Conclusions

Truisms

There are two maxims which are particularly apropos of our experience. First, dealing with large data sets is difficult and time-consuming. None of the existing tools tools which we used scaled adequately to dealing with a data set on the order of millions of documents.

Second, we observed empirically that the Web changes exceptionally quickly. Many properties of the documents in our first data set have altered in the months since the data was collected. The largest document in our data set was 1.6Mbytes; we checked the current size of that same document. It has grown to 9Mbytes. As another example, many of the most popular URLs in the first data set no longer exist.

Future Work

In the short term, we intend to improve our tools. These will focus on speed and robustness improvements, e.g., checkpointing and improvements to the third-party software such as style and weblint.

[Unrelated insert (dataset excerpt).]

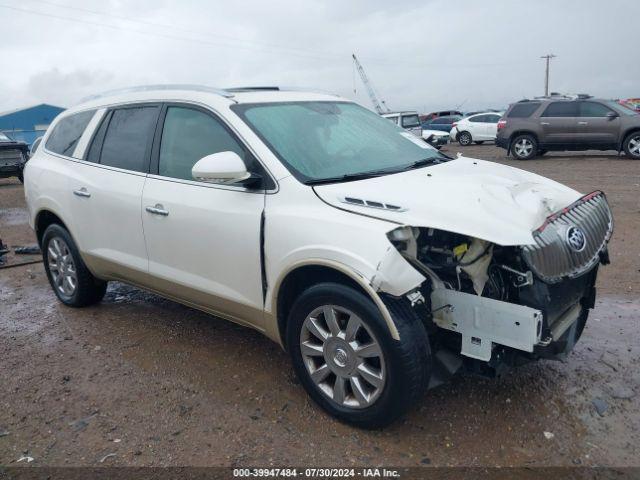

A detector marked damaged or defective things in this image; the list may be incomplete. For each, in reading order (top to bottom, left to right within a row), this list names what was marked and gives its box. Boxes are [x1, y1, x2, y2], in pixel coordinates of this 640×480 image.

crumpled hood [312, 156, 584, 246]
damaged front end [388, 191, 612, 382]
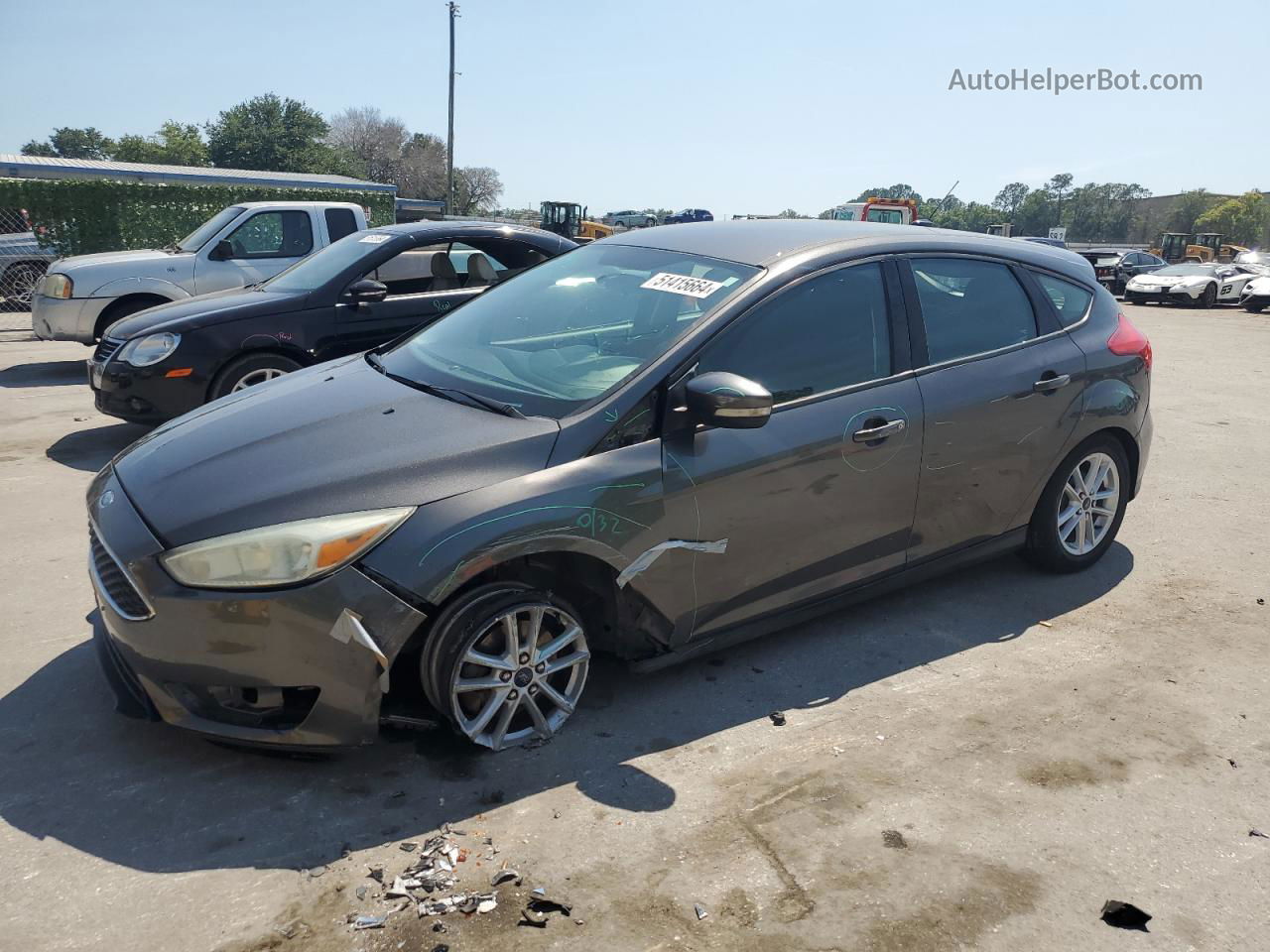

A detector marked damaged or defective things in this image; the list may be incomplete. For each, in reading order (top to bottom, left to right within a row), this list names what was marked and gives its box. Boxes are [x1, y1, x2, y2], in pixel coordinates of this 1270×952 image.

In the long term, structural graph analysis seems promising. In particular, analysis of the kind practiced by sociologists in structural network analysis [WASS94] promises insight. However, existing social network algorithms are several orders of magnitude more complex than is viable for a data set of this size. Significant work would have to be done to make such analysis feasible.

It would also be interesting to allow user-defined queries against the data set. The simplest functionality would be to allow a user to ascertain how a form-specified URL compared with the data set. A more interesting and complex interface would allow the user to define arbitrary queries on the data set.